Chronique

Noël, fête du djihad

Dans les vieilles démocraties d’ascendance chrétienne, Noël n’est plus qu’une fête familiale. À part les minorités de pratiquants, bien peu y voient l’anniversaire de la naissance du Christ.

On s’émeut au Messie de Haendel (juste à Montréal, le célèbre oratorio a été présenté, cet hiver, par quatre ensembles différents !). On emmène les enfants voir des crèches. On aime réentendre Les anges dans nos campagnes. On frémit quand une somptueuse voix de ténor entonne le Minuit, chrétiens. On ira même à la messe de minuit dans l’une des églises pas encore transformées en condos, pour se replonger dans des émotions d’enfance… Mais la signification de la Nativité s’est perdue.

Elle s’est perdue pour nous, pas pour d’autres.

Par une douloureuse ironie du destin, ce sont les djihadistes du groupe État islamique qui viennent de nous rappeler la nature essentiellement religieuse de la fête de Noël.

Ils ne s’y sont pas trompés, eux dont l’univers mental est envahi par la foi, aussi dévoyée soit-elle : pour mieux attaquer l’Occident – cet Occident largement laïque où la religion et le sens du sacré ont été éjectés de la sphère publique et occultés jusque dans les esprits –, ce sont ses racines chrétiennes que les fous d’Allah ont visées.

Les églises étant le plus souvent désertes, et les grandes cathédrales comme Notre-Dame de Paris, protégées par des dispositifs de sécurité quasi militaires, un marché de Noël très fréquenté, comme celui de Berlin, constituait une cible idéale.

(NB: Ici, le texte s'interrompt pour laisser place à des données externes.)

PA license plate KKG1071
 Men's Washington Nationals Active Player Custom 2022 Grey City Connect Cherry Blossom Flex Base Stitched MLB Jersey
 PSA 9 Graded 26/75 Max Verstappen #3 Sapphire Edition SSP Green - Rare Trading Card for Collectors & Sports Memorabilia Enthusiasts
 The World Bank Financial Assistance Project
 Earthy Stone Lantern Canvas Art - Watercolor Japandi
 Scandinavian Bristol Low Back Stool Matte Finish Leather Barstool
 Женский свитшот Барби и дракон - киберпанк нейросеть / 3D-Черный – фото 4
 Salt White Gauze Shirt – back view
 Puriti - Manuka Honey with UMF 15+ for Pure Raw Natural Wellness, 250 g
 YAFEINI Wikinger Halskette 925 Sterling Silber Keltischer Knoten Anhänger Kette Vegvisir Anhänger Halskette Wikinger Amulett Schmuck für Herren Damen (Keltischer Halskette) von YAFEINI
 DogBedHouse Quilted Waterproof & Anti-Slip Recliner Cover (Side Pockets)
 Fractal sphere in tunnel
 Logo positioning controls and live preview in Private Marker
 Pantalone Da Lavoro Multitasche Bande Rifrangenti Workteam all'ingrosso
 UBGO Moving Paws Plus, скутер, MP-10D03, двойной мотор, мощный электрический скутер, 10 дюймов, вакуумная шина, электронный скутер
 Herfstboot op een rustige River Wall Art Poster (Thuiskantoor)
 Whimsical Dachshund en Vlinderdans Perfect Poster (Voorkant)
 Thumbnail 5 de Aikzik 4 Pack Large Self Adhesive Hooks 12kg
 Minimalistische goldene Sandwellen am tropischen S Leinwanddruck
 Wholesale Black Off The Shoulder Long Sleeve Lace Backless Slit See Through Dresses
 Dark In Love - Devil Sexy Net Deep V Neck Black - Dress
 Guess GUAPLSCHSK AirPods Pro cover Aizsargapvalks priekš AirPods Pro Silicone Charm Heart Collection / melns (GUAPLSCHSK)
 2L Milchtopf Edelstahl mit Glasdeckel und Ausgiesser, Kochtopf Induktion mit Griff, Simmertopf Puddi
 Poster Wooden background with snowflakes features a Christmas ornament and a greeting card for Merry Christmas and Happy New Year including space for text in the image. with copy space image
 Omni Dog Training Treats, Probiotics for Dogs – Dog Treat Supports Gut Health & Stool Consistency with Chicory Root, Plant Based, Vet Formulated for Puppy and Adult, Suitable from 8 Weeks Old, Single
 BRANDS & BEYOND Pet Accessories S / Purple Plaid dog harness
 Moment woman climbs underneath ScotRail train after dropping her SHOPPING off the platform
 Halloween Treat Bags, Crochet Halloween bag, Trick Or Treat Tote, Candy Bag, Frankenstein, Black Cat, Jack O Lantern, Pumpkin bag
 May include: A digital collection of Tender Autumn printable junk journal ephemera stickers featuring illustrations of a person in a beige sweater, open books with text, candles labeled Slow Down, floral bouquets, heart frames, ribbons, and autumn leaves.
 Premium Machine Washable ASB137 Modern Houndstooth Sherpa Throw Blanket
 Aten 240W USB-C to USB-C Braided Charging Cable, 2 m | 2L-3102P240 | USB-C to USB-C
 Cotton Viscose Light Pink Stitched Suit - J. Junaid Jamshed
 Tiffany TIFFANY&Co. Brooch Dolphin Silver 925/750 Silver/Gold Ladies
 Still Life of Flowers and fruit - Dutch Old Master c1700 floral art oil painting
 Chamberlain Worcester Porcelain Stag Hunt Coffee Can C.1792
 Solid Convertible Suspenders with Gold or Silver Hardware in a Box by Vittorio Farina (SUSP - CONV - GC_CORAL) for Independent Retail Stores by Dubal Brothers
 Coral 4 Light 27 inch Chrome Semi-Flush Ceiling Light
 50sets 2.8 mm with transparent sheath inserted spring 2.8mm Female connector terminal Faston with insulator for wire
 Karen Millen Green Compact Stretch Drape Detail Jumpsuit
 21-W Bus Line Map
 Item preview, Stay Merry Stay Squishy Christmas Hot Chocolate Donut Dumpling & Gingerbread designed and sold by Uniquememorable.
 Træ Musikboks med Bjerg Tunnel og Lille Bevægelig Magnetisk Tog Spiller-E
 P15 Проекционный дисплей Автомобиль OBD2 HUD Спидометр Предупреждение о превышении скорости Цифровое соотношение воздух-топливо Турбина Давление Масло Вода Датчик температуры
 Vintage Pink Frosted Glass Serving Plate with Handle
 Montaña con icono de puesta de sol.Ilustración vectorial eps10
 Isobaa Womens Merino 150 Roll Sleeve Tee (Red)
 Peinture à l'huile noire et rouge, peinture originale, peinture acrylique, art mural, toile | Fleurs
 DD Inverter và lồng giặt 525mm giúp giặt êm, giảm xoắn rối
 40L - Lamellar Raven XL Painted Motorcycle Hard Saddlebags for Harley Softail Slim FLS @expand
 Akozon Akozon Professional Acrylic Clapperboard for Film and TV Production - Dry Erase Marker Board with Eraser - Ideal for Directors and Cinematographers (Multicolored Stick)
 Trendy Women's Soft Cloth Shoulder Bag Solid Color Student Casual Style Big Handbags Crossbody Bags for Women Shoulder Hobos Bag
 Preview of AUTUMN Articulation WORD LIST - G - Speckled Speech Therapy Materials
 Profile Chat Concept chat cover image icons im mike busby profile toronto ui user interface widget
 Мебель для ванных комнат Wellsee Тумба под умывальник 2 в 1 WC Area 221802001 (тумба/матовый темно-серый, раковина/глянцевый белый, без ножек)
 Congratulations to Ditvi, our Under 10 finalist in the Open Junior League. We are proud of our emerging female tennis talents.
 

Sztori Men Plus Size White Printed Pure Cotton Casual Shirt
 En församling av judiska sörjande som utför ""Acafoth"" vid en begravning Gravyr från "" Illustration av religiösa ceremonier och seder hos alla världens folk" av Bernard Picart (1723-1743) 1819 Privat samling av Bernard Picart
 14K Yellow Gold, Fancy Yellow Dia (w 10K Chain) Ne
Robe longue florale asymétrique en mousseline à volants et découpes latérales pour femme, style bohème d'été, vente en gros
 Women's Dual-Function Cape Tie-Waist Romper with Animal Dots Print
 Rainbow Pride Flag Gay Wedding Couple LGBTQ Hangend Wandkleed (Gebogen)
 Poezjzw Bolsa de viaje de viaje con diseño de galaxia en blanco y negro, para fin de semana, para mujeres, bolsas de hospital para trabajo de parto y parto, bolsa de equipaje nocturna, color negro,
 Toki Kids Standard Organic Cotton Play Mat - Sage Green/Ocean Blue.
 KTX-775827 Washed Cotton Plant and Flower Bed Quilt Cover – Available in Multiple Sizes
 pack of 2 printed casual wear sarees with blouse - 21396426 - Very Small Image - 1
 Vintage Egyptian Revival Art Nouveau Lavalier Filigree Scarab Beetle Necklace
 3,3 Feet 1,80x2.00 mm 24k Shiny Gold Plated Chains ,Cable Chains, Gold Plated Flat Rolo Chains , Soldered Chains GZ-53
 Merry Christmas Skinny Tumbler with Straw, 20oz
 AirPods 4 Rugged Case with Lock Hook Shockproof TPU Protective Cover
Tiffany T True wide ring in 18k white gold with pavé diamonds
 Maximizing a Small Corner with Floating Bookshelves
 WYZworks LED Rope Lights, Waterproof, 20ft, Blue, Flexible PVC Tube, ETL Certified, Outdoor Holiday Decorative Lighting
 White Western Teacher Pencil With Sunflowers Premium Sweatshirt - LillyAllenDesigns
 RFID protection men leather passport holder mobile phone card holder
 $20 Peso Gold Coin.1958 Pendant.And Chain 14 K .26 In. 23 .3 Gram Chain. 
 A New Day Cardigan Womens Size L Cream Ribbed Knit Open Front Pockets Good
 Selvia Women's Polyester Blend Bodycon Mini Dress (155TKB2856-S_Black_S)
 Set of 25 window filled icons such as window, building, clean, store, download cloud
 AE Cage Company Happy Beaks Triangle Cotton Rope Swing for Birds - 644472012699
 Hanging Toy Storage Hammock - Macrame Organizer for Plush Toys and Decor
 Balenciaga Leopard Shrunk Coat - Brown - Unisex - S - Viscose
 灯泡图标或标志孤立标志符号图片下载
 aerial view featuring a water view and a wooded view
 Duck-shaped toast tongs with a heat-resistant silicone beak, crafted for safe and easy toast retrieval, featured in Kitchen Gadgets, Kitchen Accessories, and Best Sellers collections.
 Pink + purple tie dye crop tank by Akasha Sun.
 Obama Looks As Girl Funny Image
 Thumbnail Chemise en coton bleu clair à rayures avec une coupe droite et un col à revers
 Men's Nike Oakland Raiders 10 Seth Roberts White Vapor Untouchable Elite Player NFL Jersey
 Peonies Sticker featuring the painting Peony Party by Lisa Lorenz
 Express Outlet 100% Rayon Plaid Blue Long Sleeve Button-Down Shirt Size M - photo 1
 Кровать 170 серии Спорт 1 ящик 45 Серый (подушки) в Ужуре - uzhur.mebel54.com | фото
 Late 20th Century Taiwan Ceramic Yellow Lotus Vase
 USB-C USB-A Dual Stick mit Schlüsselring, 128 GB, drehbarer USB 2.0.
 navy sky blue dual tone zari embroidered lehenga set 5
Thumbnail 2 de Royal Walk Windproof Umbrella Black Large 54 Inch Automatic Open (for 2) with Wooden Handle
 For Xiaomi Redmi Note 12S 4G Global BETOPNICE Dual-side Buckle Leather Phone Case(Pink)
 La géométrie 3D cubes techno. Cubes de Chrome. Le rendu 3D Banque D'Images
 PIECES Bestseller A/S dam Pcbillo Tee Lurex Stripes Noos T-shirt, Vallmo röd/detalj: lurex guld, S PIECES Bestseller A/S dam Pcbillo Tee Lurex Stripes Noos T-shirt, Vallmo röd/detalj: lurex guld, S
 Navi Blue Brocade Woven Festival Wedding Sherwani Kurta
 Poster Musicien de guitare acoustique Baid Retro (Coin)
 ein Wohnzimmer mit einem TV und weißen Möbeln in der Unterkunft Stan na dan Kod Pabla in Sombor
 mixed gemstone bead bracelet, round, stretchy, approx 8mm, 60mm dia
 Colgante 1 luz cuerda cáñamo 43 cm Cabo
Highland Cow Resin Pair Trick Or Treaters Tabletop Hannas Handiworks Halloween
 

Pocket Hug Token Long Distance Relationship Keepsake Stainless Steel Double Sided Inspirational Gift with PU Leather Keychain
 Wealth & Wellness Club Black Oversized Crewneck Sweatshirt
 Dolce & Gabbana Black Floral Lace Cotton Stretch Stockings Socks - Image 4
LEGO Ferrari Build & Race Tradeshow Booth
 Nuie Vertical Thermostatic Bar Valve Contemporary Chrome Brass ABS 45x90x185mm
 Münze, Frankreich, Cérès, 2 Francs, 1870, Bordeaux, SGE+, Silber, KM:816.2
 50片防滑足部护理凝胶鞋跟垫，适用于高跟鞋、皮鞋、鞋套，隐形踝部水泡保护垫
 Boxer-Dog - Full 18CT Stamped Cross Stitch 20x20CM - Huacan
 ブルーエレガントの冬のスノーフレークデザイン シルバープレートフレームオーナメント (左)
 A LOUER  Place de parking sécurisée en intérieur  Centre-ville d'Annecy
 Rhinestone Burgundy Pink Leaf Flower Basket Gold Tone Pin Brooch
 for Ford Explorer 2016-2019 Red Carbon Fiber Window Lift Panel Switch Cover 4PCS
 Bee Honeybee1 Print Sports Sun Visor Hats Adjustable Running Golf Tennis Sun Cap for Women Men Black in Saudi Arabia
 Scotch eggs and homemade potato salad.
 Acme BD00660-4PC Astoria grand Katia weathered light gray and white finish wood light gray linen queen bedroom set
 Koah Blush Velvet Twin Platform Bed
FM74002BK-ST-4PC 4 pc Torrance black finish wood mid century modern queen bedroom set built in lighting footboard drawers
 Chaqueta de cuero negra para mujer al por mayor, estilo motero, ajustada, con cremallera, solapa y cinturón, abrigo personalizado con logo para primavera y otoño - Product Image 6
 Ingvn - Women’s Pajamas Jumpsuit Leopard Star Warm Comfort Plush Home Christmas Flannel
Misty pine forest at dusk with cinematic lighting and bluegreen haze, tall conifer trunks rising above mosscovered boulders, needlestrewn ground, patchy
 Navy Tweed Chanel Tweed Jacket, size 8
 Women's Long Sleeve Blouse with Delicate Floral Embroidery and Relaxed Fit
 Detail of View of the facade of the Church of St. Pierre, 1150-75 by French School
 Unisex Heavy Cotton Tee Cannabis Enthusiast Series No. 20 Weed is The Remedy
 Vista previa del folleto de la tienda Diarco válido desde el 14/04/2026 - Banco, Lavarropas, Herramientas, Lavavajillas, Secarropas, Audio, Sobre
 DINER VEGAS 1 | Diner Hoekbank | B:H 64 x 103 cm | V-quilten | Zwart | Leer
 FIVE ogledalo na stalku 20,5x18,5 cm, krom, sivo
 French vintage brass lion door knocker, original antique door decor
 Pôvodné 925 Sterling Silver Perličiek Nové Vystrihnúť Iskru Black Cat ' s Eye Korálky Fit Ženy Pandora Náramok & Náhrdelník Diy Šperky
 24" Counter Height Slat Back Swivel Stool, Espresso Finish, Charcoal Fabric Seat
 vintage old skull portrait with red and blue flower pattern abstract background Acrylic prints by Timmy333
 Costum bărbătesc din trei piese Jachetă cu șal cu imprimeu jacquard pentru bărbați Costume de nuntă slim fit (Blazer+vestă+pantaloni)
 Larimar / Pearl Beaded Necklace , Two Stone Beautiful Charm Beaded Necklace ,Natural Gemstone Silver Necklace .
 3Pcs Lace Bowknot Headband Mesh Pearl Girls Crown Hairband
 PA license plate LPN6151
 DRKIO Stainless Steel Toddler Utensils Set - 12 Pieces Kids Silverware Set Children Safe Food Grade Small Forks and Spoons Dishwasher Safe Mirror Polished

Celle qui garantissait au terroriste le maximum de morts et de blessés, tout en ayant une portée religieuse symbolique.

Le marché de Noël de Strasbourg, et celui des Champs-Elysées étaient sur la « liste » de deux groupes de fanatiques récemment appréhendés en France.

Si le terroriste islamiste recherche les foules pour faire encore plus mal et renforcer sa puissance médiatique, il vise aussi parfois des individus, choisis pour ce qu’ils représentent.

Cet été, dans un village de Normandie, deux djihadistes ont assassiné un prêtre de 85 ans alors qu’il célébrait la messe pour deux paroissiens et trois religieuses dans l’église de Saint-Étienne-du-Rouvray. Ils l’ont forcé à s’agenouiller devant l’autel avant de l’égorger comme un mouton et de le cribler de coups de couteau.

Toute la France a tremblé sous le choc, touchée au cœur de ses origines devant cet assassinat mis en scène comme un sacrilège voulu. Catholiques « culturels », non-pratiquants, athées proclamés et gens de diverses religions (dont beaucoup de musulmans) ont afflué aux messes célébrées partout à la mémoire du père Jacques Hamel, tous sentant bien, chacun à sa façon, que cette mort-là était plus que la mort d’un homme : l’ultime profanation.

Cet assassinat était lourd de symboles.

Au Proche-Orient toutefois, là même où naquit le christianisme, on n’est plus dans le symbolique mais dans l’éradication pure et simple.

Le totalitarisme islamiste (principalement d’origine sunnite) est en train d’achever le lent processus d’élimination des chrétiens qui y étaient enracinés depuis près de deux millénaires – bien avant que des Bédouins venus d’Arabie déferlent à partir du VIIe siècle sur le territoire, porteurs d’une nouvelle religion qui s’appelait l’islam.

En 2003, l’Irak comptait encore un million et demi de chrétiens. Il n’en reste plus que 300 000, la plupart concentrés en territoire kurde. Les autres se sont exilés. Dans leur bastion historique de la plaine de Ninive, dévastée par le groupe État islamique, les quelque 50 000 chrétiens qui y vivaient ont tout laissé derrière eux.

Dans la Syrie d’avant la guerre civile vivaient quelque 2 millions de chrétiens d’origine arabe ou arménienne. Ils ne sont plus que 500 000. À Alep, on en comptait quelque 160 000 en 2013. Il n’en reste que 25 000, concentrés dans les zones contrôlées par le gouvernement.

En cette fête de Noël, il n’est pas superflu d’avoir une pensée pour les chrétiens d’Orient, victimes oubliées des atroces conflits qui déchirent la région natale de Jésus de Nazareth.

C’est chez eux qu’est né le christianisme, et c’est aussi de l’Orient, selon l’Évangile de saint Matthieu, que venaient les trois Rois mages venus rendre hommage au « roi des Juifs ».

À tous nos lecteurs et lectrices, je souhaite un joyeux Noël, un beau moment de chaleur humaine dans le monde tourmenté où nous vivons.